• **EXERCISE DESCRIPTION**
Give the listing again exactly, skipping any pictures it holds.

• **RECORDED DATA**
>>>>>

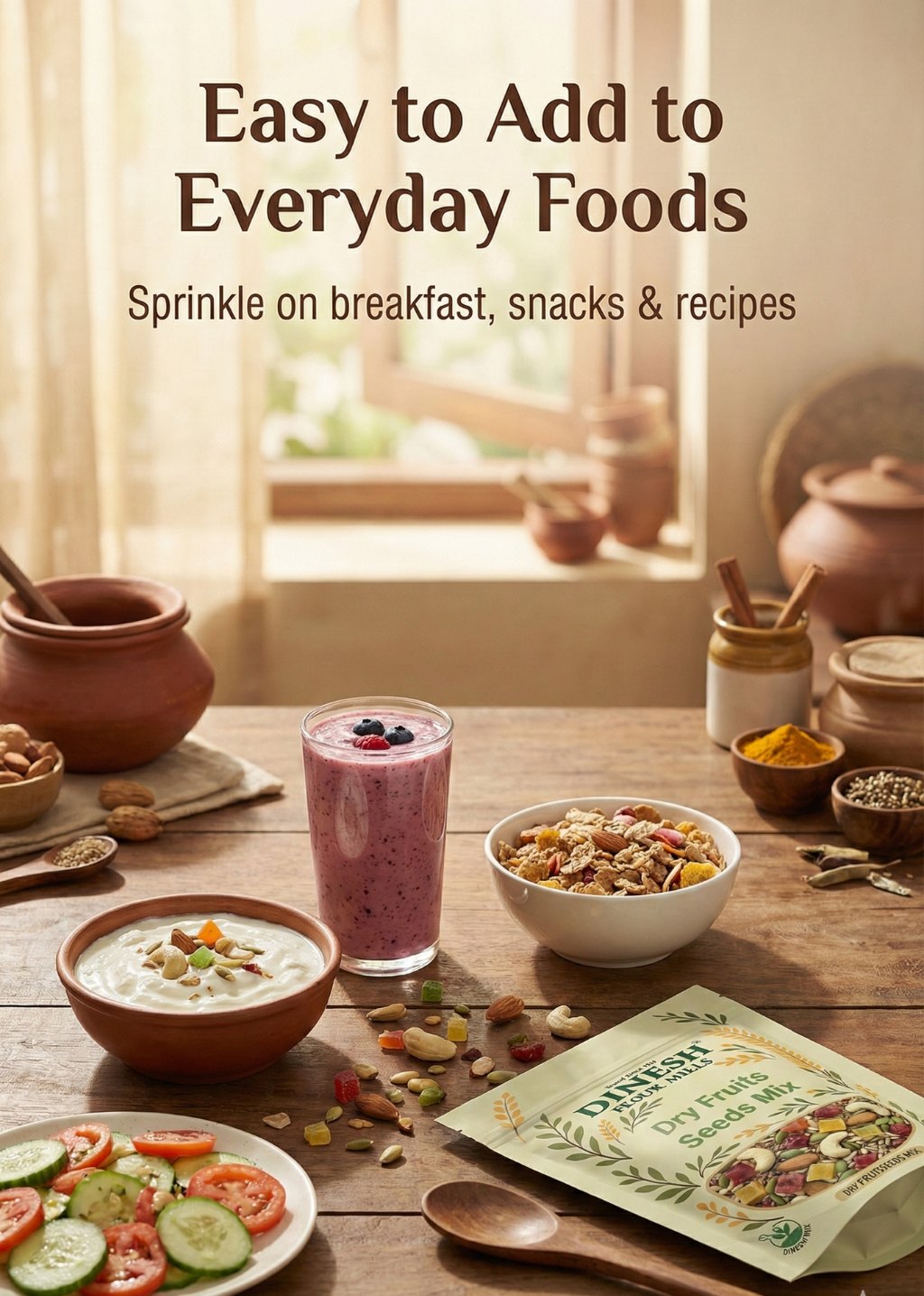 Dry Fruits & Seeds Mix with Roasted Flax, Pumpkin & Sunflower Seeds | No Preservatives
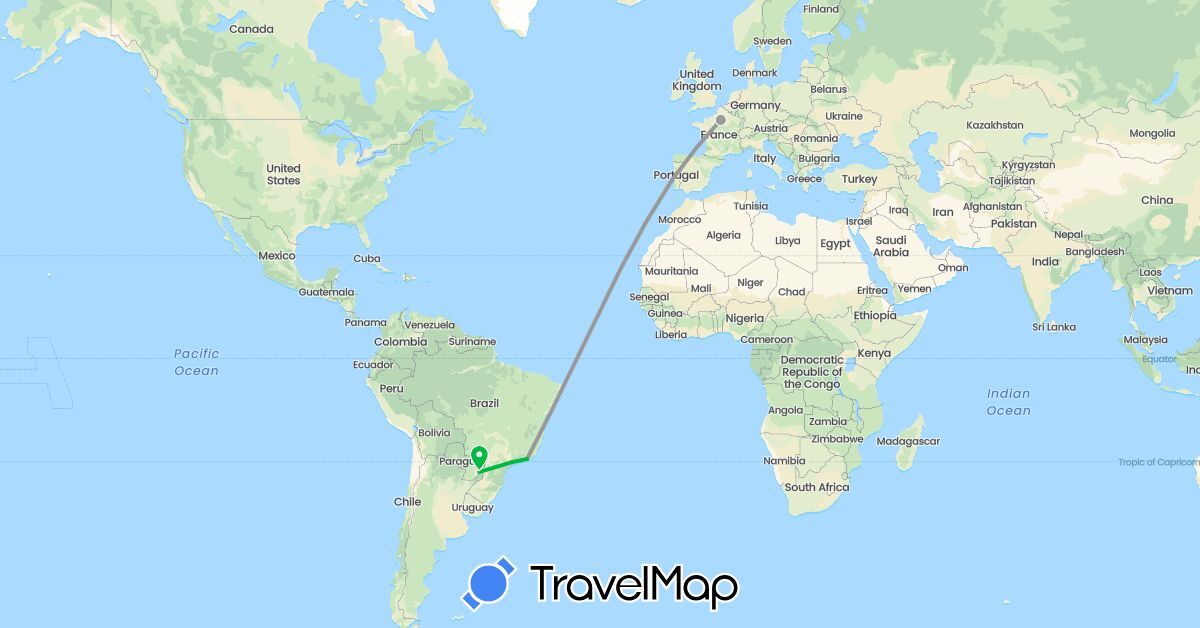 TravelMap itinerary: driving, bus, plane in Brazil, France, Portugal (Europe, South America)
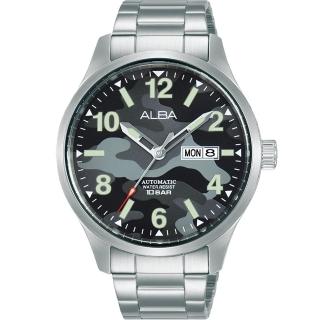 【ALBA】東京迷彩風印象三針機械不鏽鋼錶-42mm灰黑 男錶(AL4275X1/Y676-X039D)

<<<<<

• **RESULT OF THIS EXERCISE**
 Dry Fruits & Seeds Mix with Roasted Flax, Pumpkin & Sunflower Seeds | No Preservatives
 TravelMap itinerary: driving, bus, plane in Brazil, France, Portugal (Europe, South America)
 【ALBA】東京迷彩風印象三針機械不鏽鋼錶-42mm灰黑 男錶(AL4275X1/Y676-X039D)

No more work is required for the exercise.